Он ведь только что сказал, что это брак по договоренности, о какой запретной любви может идти речь…
— Мондштадт — это город свободы, — совершенно спокойно ответил Рагнвиндр, смешивая следующий заказ. — Подобных запретов здесь не существует.
— Вот оно как… — озадаченно проговорила Паймон, и у нее на лице была написана тысяча вопросов. А что насчет детей? А что это за принц? А из какой страны? — Господин Дилюк, у Вас такое интересное выражение лица, когда речь идет о Вашем женихе…
От ее ехидного намекающего тона Кэйа удивленно вскинул на бармена взгляд, опасаясь, что у того лицо человека, готового убивать, но Паймон явно просто подначивала на пустом месте без причины.
— Должно быть, это замечательный человек, — с улыбкой заключила Люмин, укрепляя его уверенность в том, что он в самом деле пропустил что-то интересное.
Обидно немного, ведь как только он взглянул на Дилюка, тот сразу сделал непроницаемое лицо.
— Да, и в самом деле замечательный, — с ехидно-довольным видом подтвердил Альберих, кивая и почесывая подбородок.
— Ооо, так ты с ним знаком, Кэйа? — с нетерпением перебросила всё свое внимание на него Паймон, понимая, что он явно лучше утолит их любопытство, чем один красноволосый бармен.

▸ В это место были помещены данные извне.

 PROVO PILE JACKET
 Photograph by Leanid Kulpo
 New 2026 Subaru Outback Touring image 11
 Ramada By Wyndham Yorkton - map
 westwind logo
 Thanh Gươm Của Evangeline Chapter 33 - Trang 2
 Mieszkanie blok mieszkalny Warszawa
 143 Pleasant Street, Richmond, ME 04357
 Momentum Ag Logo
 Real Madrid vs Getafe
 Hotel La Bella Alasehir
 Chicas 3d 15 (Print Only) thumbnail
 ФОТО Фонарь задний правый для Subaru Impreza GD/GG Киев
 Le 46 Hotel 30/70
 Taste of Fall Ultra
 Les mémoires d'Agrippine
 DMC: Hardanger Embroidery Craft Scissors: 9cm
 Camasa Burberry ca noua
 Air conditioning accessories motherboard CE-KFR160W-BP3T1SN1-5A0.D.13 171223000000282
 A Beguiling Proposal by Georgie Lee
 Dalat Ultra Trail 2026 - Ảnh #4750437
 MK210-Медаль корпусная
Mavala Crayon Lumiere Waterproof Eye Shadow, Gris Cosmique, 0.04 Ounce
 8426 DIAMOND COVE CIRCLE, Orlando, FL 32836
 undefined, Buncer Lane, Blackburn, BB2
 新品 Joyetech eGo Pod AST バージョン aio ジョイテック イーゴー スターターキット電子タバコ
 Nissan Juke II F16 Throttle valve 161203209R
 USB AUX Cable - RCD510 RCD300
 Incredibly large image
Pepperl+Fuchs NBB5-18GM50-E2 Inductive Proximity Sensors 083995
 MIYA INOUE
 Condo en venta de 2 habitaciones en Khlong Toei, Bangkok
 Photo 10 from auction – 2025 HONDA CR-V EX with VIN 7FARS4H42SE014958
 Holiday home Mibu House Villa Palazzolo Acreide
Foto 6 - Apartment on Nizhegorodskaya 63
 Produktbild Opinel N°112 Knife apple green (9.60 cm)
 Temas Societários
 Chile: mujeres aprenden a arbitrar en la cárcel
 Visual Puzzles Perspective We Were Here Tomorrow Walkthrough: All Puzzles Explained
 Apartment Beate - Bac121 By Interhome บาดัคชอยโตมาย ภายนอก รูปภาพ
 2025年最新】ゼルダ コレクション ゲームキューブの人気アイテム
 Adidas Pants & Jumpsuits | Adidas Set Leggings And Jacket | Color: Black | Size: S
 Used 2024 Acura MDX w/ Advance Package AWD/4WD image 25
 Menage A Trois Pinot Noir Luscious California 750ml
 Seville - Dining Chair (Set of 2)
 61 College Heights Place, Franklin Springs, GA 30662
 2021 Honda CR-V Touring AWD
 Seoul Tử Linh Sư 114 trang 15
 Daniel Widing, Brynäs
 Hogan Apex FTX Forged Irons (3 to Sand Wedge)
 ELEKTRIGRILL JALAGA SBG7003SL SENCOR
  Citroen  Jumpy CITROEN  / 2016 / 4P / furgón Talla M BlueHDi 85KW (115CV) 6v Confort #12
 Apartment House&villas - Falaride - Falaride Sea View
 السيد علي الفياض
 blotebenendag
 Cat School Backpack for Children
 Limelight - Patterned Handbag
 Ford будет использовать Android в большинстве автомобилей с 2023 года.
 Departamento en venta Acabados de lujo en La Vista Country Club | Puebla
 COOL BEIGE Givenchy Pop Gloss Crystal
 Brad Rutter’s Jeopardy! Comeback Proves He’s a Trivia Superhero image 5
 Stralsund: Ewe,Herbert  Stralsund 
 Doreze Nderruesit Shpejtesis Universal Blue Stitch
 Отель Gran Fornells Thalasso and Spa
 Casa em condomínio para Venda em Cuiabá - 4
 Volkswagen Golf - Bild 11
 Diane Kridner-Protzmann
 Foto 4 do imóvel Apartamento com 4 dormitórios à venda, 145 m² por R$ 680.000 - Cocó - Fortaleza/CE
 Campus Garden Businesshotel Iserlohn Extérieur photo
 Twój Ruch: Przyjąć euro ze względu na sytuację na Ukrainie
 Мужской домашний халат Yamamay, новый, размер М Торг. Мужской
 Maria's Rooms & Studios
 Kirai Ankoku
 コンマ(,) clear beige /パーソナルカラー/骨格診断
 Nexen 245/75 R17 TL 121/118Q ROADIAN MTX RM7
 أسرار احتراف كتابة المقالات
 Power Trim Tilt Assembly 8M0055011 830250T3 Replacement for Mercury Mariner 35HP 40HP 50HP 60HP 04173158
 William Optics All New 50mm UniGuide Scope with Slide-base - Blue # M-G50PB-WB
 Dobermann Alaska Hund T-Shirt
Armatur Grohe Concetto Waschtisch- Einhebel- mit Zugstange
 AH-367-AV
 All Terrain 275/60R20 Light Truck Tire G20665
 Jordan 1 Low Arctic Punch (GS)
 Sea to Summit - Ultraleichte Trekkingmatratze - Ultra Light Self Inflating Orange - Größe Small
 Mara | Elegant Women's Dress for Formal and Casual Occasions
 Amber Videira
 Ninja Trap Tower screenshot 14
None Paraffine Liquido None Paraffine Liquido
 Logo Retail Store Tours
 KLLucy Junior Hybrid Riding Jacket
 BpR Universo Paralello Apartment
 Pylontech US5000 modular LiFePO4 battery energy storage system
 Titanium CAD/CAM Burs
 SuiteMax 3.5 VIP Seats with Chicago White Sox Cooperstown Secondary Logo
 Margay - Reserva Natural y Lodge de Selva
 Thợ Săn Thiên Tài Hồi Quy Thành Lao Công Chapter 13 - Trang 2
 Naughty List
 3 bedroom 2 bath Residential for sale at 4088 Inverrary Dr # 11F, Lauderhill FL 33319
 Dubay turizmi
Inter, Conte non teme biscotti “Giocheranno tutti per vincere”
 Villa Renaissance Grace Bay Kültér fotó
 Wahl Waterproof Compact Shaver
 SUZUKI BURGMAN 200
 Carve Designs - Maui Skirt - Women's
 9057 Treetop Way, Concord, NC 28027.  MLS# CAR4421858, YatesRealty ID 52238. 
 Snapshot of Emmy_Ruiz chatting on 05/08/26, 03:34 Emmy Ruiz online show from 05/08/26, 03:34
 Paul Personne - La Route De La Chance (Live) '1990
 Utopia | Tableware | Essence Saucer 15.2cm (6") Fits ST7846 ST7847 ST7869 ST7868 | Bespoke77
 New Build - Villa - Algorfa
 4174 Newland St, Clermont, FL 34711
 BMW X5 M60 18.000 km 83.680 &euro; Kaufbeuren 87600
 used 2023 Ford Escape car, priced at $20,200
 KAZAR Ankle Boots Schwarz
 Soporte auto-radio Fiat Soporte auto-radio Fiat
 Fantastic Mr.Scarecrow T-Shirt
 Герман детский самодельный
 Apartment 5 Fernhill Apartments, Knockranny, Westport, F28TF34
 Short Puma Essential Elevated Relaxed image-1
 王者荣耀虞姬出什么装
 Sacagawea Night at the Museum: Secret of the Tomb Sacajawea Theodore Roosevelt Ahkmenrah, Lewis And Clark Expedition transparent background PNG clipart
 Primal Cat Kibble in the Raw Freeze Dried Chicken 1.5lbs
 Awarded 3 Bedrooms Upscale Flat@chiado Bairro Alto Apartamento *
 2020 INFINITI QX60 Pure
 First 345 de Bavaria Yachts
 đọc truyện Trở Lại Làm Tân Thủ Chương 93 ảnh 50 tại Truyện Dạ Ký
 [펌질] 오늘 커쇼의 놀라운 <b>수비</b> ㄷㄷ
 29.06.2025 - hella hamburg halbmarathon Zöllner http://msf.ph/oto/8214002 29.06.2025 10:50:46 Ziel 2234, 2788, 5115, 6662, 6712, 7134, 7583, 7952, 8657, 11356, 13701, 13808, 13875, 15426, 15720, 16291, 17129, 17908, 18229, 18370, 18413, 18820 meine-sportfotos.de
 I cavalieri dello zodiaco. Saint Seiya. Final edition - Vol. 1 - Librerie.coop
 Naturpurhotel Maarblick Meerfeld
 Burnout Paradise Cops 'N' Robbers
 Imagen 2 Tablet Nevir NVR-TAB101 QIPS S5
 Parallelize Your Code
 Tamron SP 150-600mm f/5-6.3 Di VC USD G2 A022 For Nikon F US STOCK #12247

— Хватит быть таким самодовольным, — со вздохом одернул его Дилюк, отдавая свое творение одному из подошедших посетителей.
— Самодовольным? — непонимающе переспросила Паймон, а затем, в ужасе приложив ладони к щекам и отшатнувшись в воздухе, повторила. — Самодовольным?! Вы с Кэйей… Быть того не может!
— Почему не может? — не менее непонимающе поинтересовался Дилюк, за прошедшие десять лет с помолвки совершенно отвыкший, что кто-то может сомневаться в факте ее существования.
— Так ведь… вы ведь… — та попыталась найти подходящие слова, но не сумела, переглянулась с подругой и без слов пришла с ней к полному согласию, горячо закивав друг другу.
— Не слишком-то похожи на помолвленных, так? — с ухмылкой закончил за нее Кэйа, подпирая подбородок ладонью.
— Тем не менее, это так, — уже не таким спокойным голосом заключил Дилюк и отставил следующий готовый коктейль в сторону, освобождая руки.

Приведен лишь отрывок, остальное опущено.